Lokasi: Gaya Hidup >>
Kemenag Buka Jalur Akselerasi BIB 2026 S2-S3
Gaya Hidup2647 Dilihat
RingkasanKementerian Agama (Kemenag) meluncurkan Program Magister Langsung Doktor (PMLD) sebagai terobosan baru yang memungkinkan peserta menempuh pendidikan magister hingga doktor dalam satu jalur studi terintegrasi. Program tersebut pertama kali dibuka pada tahun 2026 sebagai upaya memperluas akses pendidikan tinggi bagi alumni pendidikan keagamaan di Indonesia....

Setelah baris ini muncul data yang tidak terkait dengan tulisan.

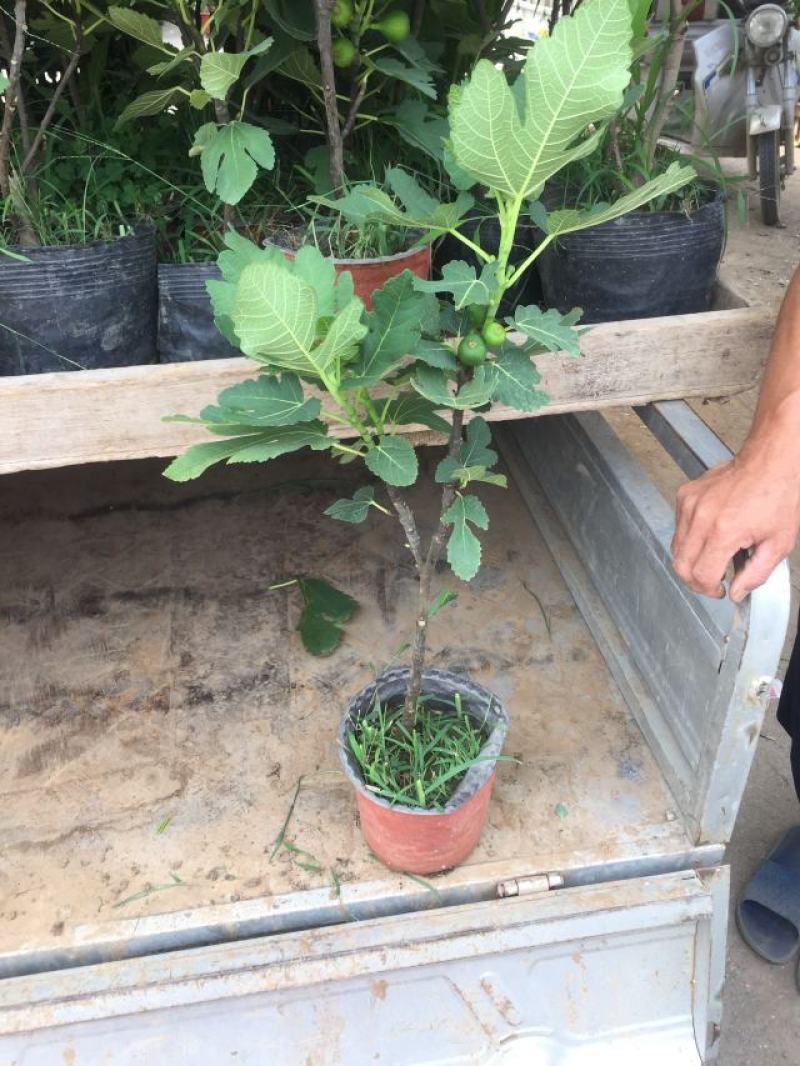 无花果种植基地无花果自产自销青州无花果
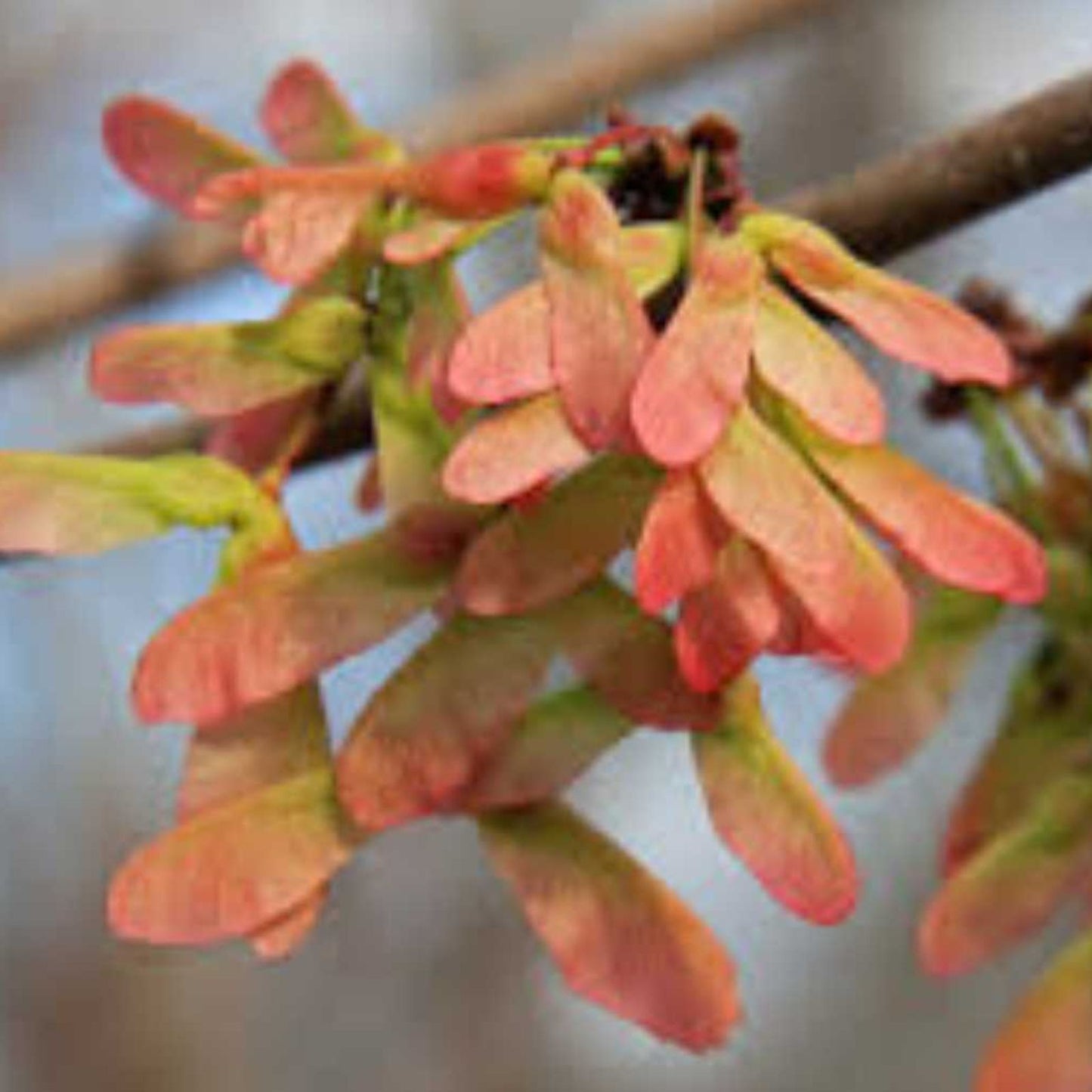 Red Maple Seeds for Planting Outdoors, Heirloom Acer rubrum Tree Seeds, Non-GMO, Fast-Growing Native Tree Seeds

:quality(30):format(webp):focal(0.5x0.5:0.5x0.5)/tribunnews/foto/bank/originals/BIB-Kemenag-2026-Buka-Jalur-Akselerasi.jpg)
Kementerian Agama (Kemenag) meluncurkan Program Magister Langsung Doktor (PMLD) sebagai terobosan baru yang memungkinkan peserta menempuh pendidikan magister hingga doktor dalam satu jalur studi terintegrasi. Program tersebut pertama kali dibuka pada tahun 2026 sebagai upaya memperluas akses pendidikan tinggi bagi alumni pendidikan keagamaan di Indonesia. Kepala Pusat Pembiayaan Pendidikan Agama dan Pendidikan Keagamaan (Puspenma) Kemenag, Ruchman Basori, mengatakan skema ini dirancang untuk mempercepat lahirnya akademisi unggul dari lingkungan pendidikan keagamaan.

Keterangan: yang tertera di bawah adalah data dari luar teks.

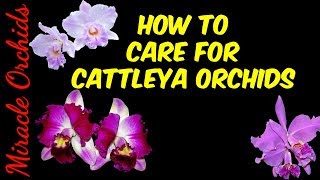 How care for cattleya orchids  watering fertilizing reblooming repotting [upl. by Eramat]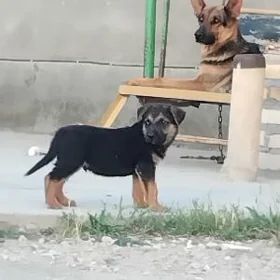Awçarka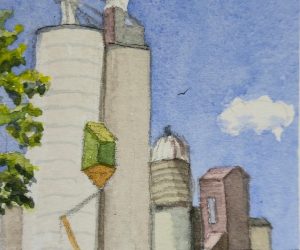 Joyce McJilton Dwyer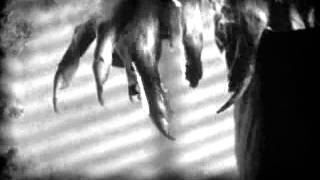 Southern Wolfman Alcoholist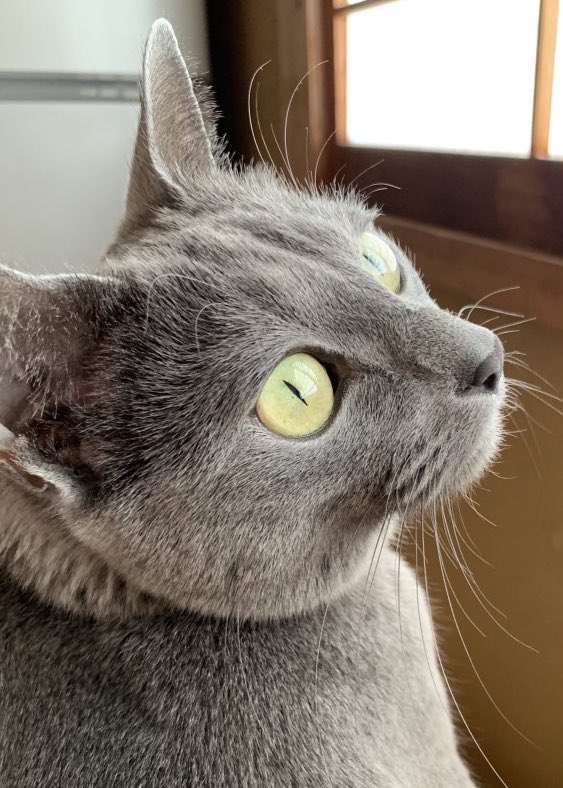 今回は Pomupuurin 様のロシアンブルーちゃんです 三 音海はる のイラスト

"Melalui program ini, peserta cukup mengikuti satu kali seleksi untuk memperoleh akses studi magister yang terintegrasi langsung dengan program doktor," ujar Ruchman. Dalam skema PMLD, peserta yang lolos seleksi tidak perlu kembali mendaftar untuk jenjang doktor karena jalur pendidikan telah tersambung secara otomatis hingga tingkat S3 di kampus tujuan. Peserta akan menjalani masa studi total selama 4,5 tahun, terdiri atas 18 bulan pendidikan magister dan 36 bulan pendidikan doktor.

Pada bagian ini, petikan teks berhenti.